I've heard a few people claim that strings should always be considered to contain "characters" and that there should be one character per string element. I've also heard a clamoring that there should only be one string type. You folks have never used Asian encodings. In countries like Japan, China and Korea, encodings are a fact of life, and the most popular encodings are ASCII supersets that use a variable number of bytes per character, just like UTF-8. Each country or language uses different encodings, even though their characters look mostly the same to western eyes. UTF-8 and Unicode is having a hard time getting adopted in these countries because most software that people use deals only with the local encodings. (Sounds familiar?)
I think that maybe an important point is getting lost here. I could be wrong, but it seems that all of this emphasis on encodings is misplaced. The physical and logical makeup of character strings are entirely separate issues. Unicode is a character set. It works in the logical domain. Dozens of different physical encodings can be used for Unicode characters. There are XML users who work with XML (and thus Unicode) every day and never see UTF-8, UTF-16 or any other Unicode-consortium "sponsored" encoding. If you invent an encoding tomorrow, it can still be XML-compatible. There are many encodings older than Unicode that are XML (and Unicode) compatible. I have not heard complaints about the XML way of looking at the world and in fact it was explicitly endorsed by many of the world's leading experts on internationalization. I haven't followed the Java situation as closely but I have also not heard screams about its support for il8n.
The truth of the matter is: the encoding of string objects is in the mind of the programmer. When I read a GIF file into a string object, the encoding is "binary goop".
IMHO, it's a mistake of history that you would even think it makes sense to read a GIF file into a "string" object and we should be trying to erase that mistake, as quickly as possible (which is admittedly not very quickly) not building more and more infrastructure around it. How can we make the transition to a "binary goops are not strings" world easiest?
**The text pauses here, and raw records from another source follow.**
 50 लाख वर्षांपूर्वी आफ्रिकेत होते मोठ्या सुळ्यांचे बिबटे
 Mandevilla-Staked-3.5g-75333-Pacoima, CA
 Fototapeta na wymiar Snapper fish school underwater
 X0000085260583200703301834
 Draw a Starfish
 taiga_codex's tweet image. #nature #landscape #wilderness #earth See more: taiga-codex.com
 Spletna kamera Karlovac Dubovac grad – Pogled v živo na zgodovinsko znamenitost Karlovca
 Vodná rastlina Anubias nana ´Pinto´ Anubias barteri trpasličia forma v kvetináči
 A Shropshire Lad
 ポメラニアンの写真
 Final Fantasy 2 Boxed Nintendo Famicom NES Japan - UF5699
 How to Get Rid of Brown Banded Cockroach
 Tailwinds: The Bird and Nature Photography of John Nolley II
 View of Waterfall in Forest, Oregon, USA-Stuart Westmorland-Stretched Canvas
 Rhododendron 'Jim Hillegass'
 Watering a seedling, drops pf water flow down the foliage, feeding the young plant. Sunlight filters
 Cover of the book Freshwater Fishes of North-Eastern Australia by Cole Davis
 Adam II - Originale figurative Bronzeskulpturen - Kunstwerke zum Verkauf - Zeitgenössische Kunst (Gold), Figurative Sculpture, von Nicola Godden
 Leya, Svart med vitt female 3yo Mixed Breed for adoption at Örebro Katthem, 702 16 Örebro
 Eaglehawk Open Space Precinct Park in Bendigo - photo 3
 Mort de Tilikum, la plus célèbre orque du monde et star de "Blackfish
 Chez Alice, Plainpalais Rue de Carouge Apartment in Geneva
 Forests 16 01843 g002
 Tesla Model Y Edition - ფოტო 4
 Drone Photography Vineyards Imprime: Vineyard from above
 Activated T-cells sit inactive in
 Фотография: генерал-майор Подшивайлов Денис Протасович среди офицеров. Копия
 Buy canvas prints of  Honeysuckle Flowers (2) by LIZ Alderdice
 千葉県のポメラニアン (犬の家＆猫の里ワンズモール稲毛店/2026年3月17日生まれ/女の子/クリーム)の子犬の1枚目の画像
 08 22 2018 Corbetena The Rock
The moral of all this? 8-bit strings are not going away.
If that is a statement of your long term vision, then I think that it is very unfortunate. Treating string literals as if they were isomorphic with byte arrays was probably the right thing in 1991 but it won't be in 2005. It doesn't meet the definition of string used in the Unicode spec., nor in XML, nor in Java, nor at the W3C nor in most other up and coming specifications.